*** Opening of Supplied data ***

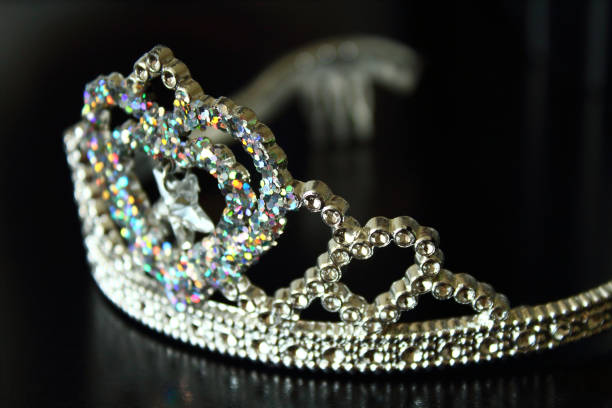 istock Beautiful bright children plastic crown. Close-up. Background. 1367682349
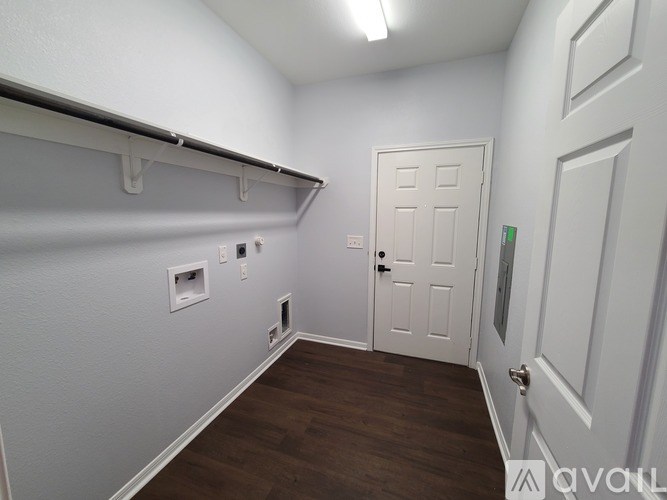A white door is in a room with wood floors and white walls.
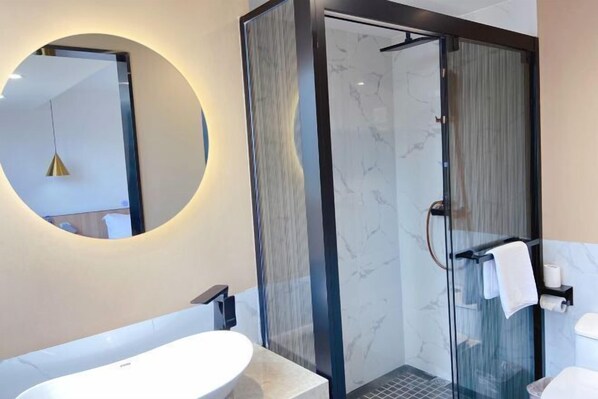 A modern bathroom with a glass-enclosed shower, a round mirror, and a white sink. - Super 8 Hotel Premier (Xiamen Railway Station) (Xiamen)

*** Close of Supplied data ***
*** Opening of Supplied data ***

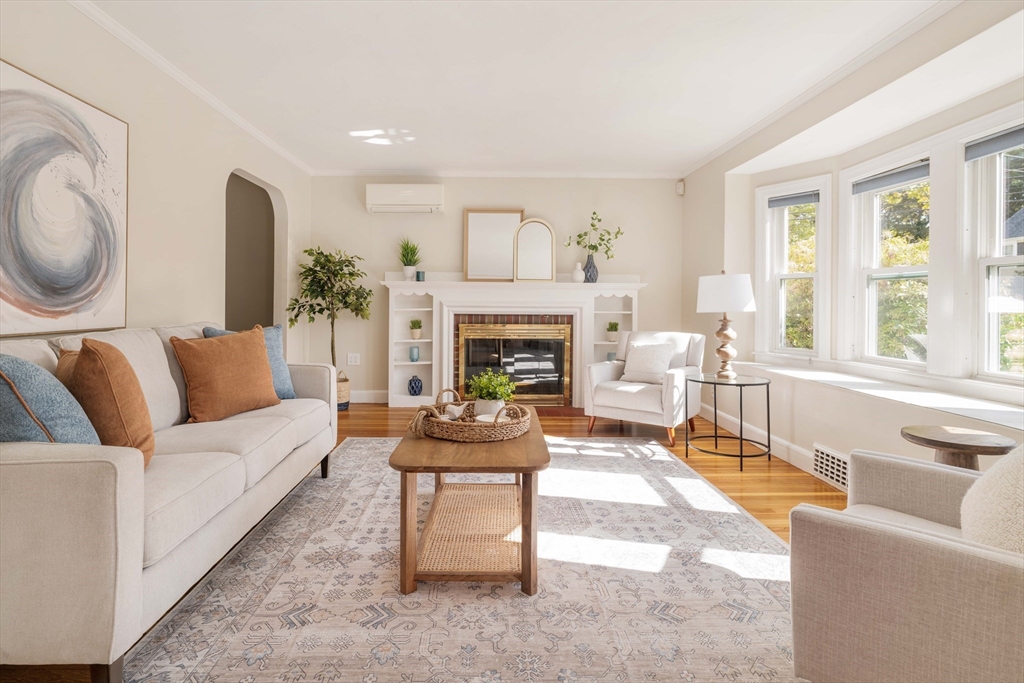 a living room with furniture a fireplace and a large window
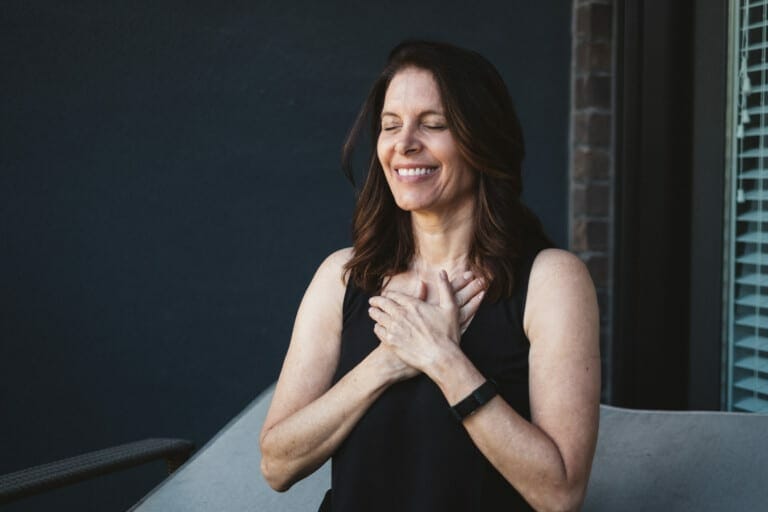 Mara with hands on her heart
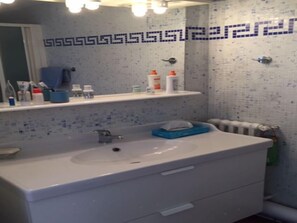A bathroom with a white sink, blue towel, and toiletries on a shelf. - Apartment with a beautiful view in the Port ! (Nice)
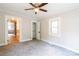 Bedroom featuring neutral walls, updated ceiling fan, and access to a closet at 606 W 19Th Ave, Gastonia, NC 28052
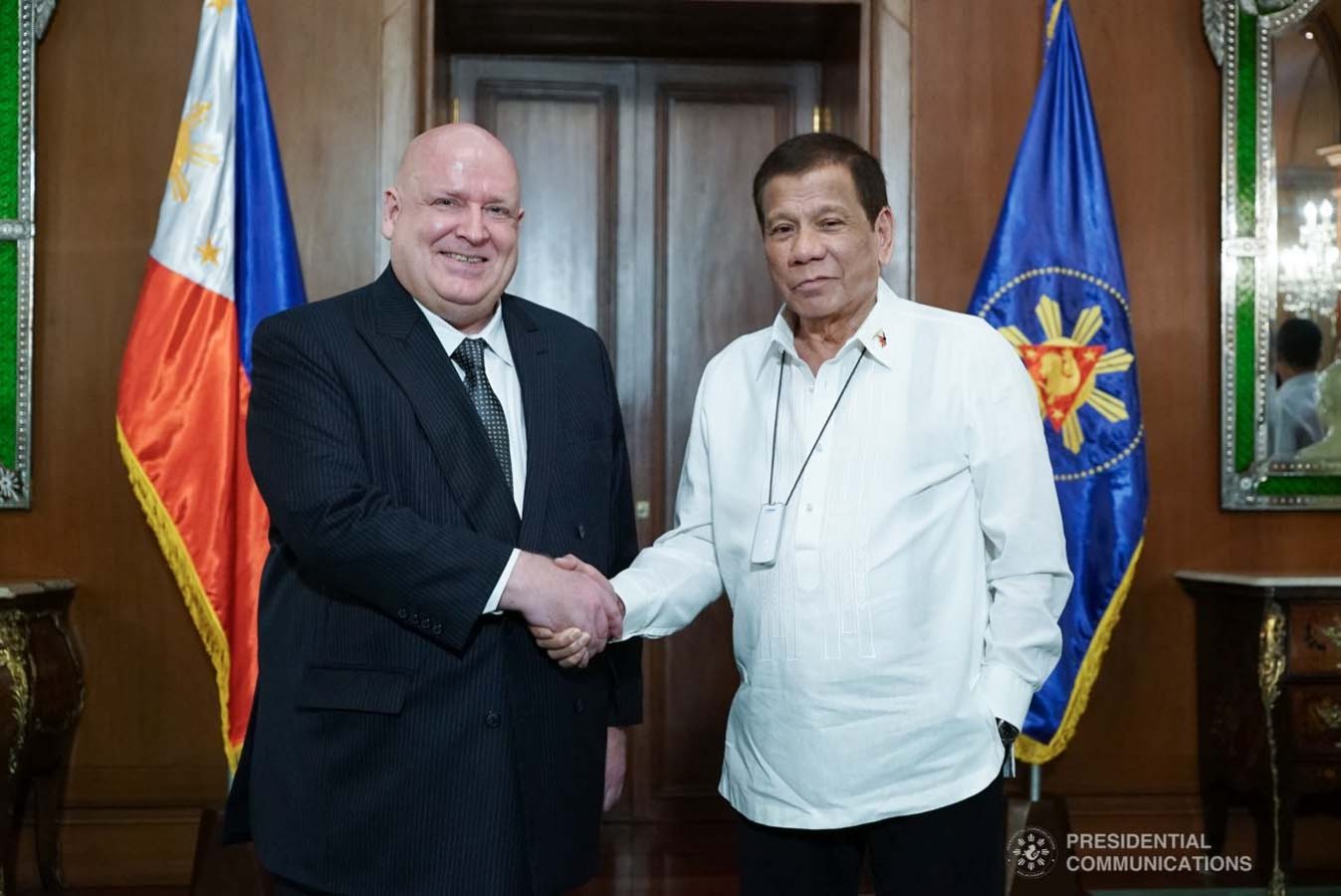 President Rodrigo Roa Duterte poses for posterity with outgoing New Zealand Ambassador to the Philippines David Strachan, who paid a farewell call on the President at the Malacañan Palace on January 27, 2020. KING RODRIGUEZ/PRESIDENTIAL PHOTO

*** Close of Supplied data ***
*** Opening of Supplied data ***

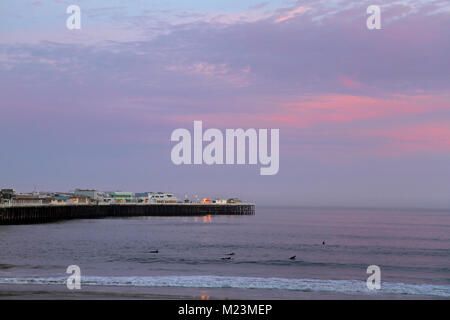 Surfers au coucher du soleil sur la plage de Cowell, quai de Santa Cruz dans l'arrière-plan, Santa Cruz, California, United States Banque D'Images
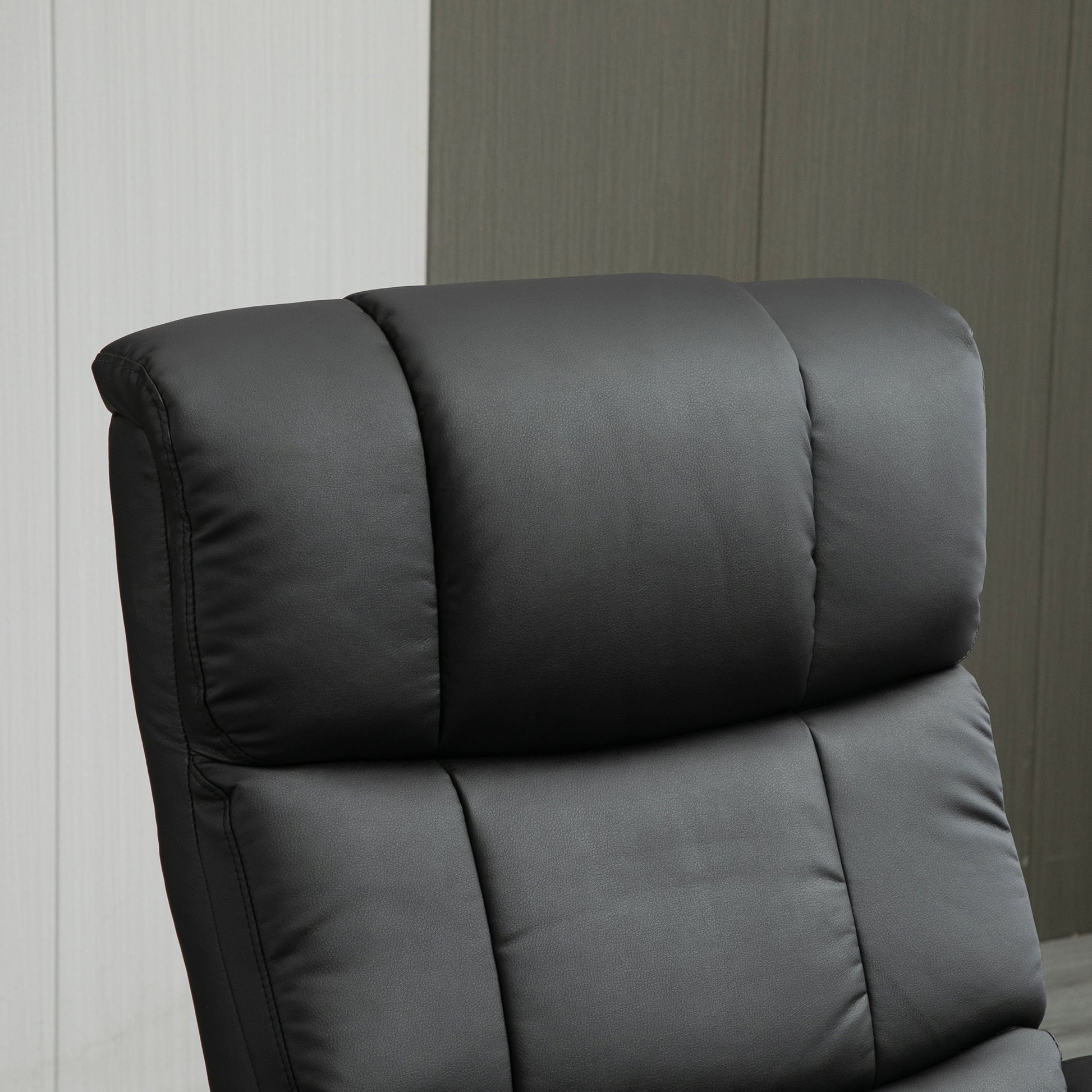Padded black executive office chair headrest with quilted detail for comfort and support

*** Close of Supplied data ***

- [Problem requirements]
Nothing but the lines from the one containing "istock Beautiful bright" through the one containing "A modern bathroom" should appear, copied exactly from the material above and without pictures.

- [Solution to the exercise]
 istock Beautiful bright children plastic crown. Close-up. Background. 1367682349
A white door is in a room with wood floors and white walls.
 A modern bathroom with a glass-enclosed shower, a round mirror, and a white sink. - Super 8 Hotel Premier (Xiamen Railway Station) (Xiamen)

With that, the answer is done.